Tim Carey, the psychologist from the Centre for Remote Health in Alice Springs, says the DSM cements a western cultural approach to mental health.

 

"One of the biggest problems with DSM is that it's transporting a very Western idea of mental health and mental health problems to other cultures and other parts of the world where it may not be appropriate. And it's usurping, if you like, the existing understandings of mental health and mental well-being and mental distress. So other cultures have their own ways of understanding life and living, and problems that occur, and their own ways of dealing with that."

 

Dr Carey says Australian Indigenous communities could benefit from a less rigid treatment regime.

 

"Aboriginal people have quite sophisticated ways of understanding psychological distress and mental health problems. One language group that I'm aware of, for example, has 15 different words for anxiety.

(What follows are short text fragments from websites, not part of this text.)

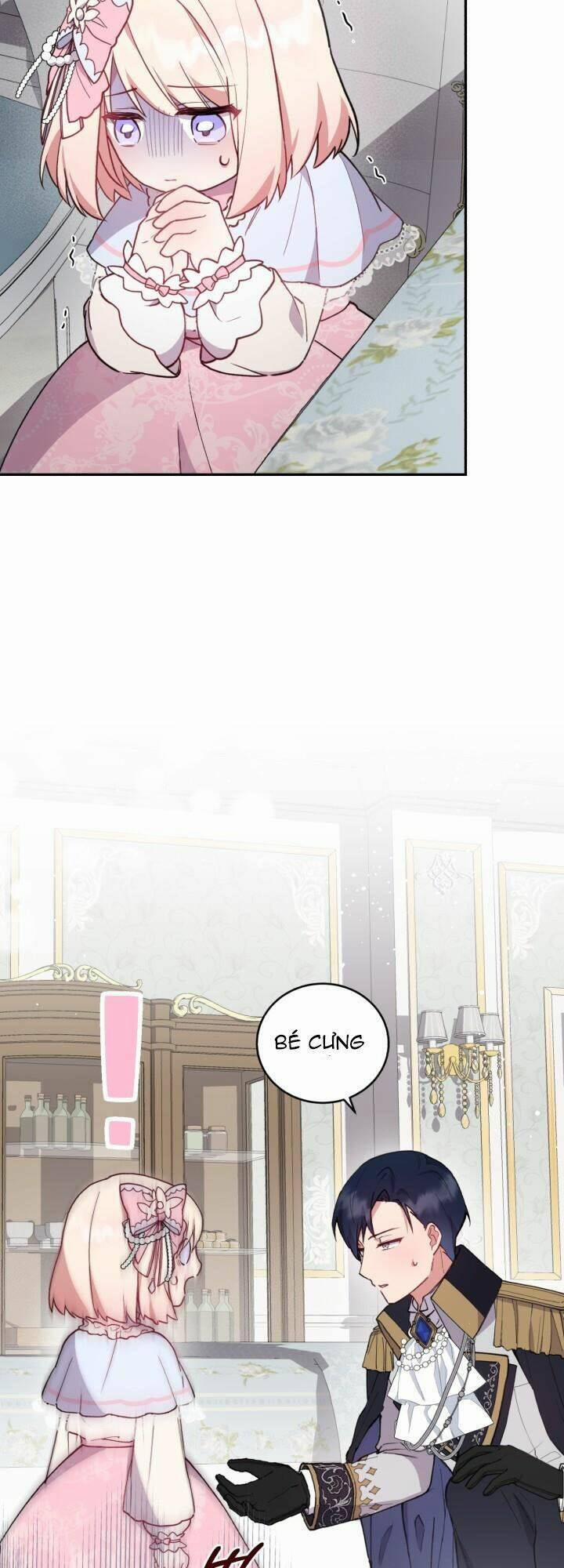 Đáng Yêu Thế Này Thì Biết Làm Sao Đây 3 trang 31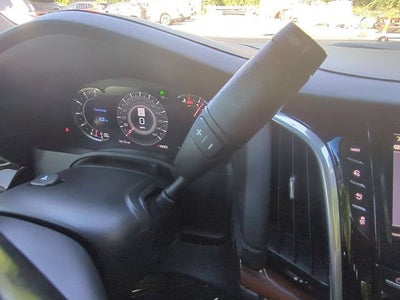 2020 Cadillac Escalade Luxury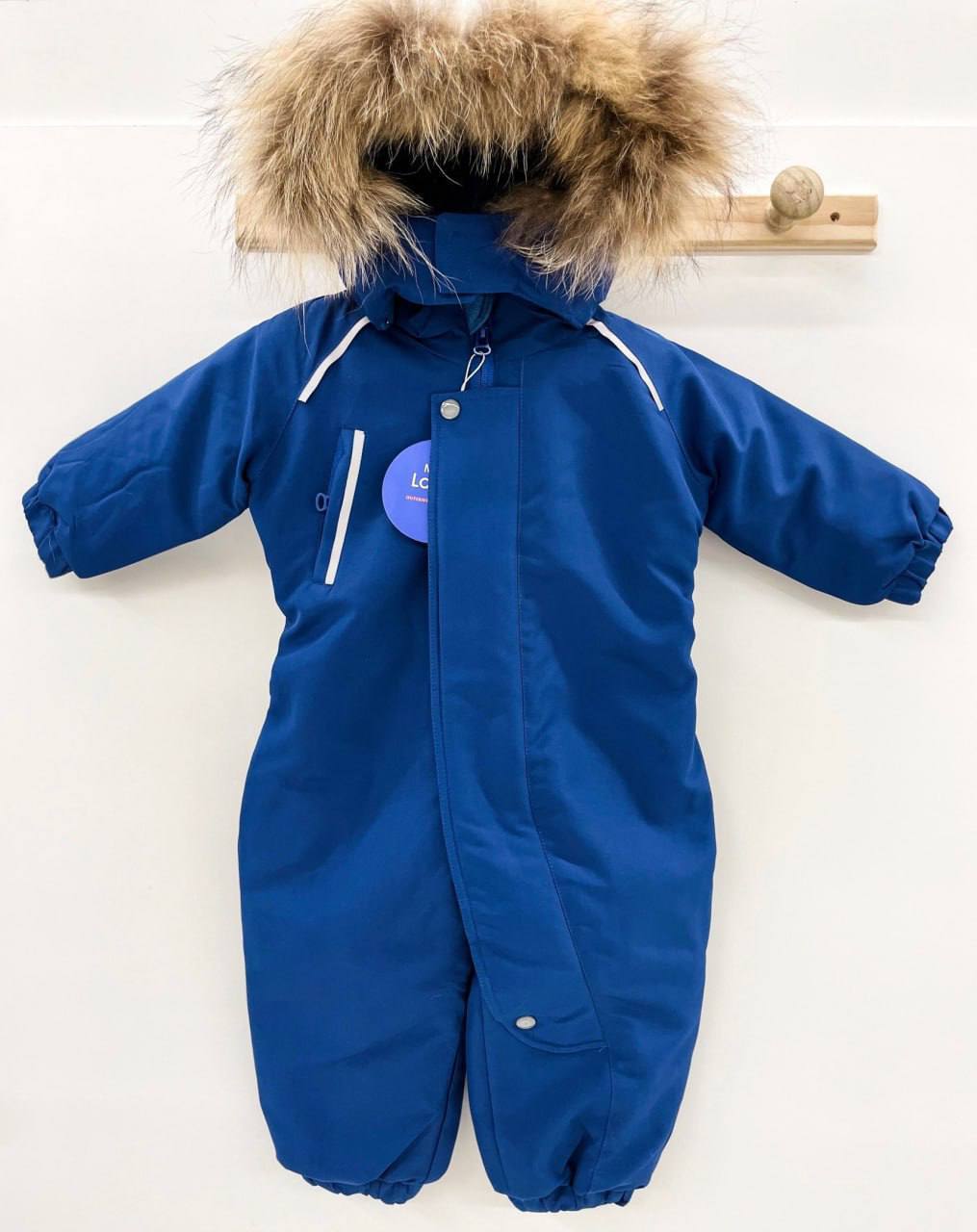 Комбинезон Зимний - Товары для детей в Сургут - фото 5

So when we come in with a western framework of what anxiety disorders are, for example, and we have in our heads that these are real things like diabetes or heart disease, and they're things that need to be identified and treated, I think we can ignore other cultural explanations."

 

But the director of the University of New South Wales' Traumatic Stress Clinic, Professor Richard Bryant, defends the DSM.

 

He says cultural issues have been at the forefront of updating the US psychiatry manual.

 

Professor Bryant was on a working group examining how the manual would deal with post-traumatic stress disorder and related conditions.

 

And he is also involved with the World Health Organisation's next update of the International Classification of Diseases. (ICD)

 

He says the ICD has to suit mental health professionals in countries as diverse as Afghanistan, Rwanda and Papua New Guinea.

 

And he says the DSM authors were similarly aware of the international reach of that publication and wrote criteria accordingly.

 

"DSM-5 certainly has tried to do it, in that, in our committee, everything was then reviewed by certain people with cross-cultural expertise, and this would come into play in terms of clinical presentation of a disorder. You might have a certain presentation in traumatic stress where people have trance-like phenomena. Now, in some cultures, that's actually seen as adaptive and culturally suitable. We're not going to call that pathological. Of course, anything that is going to be deemed abnormal has to be seen as abnormal within its social context."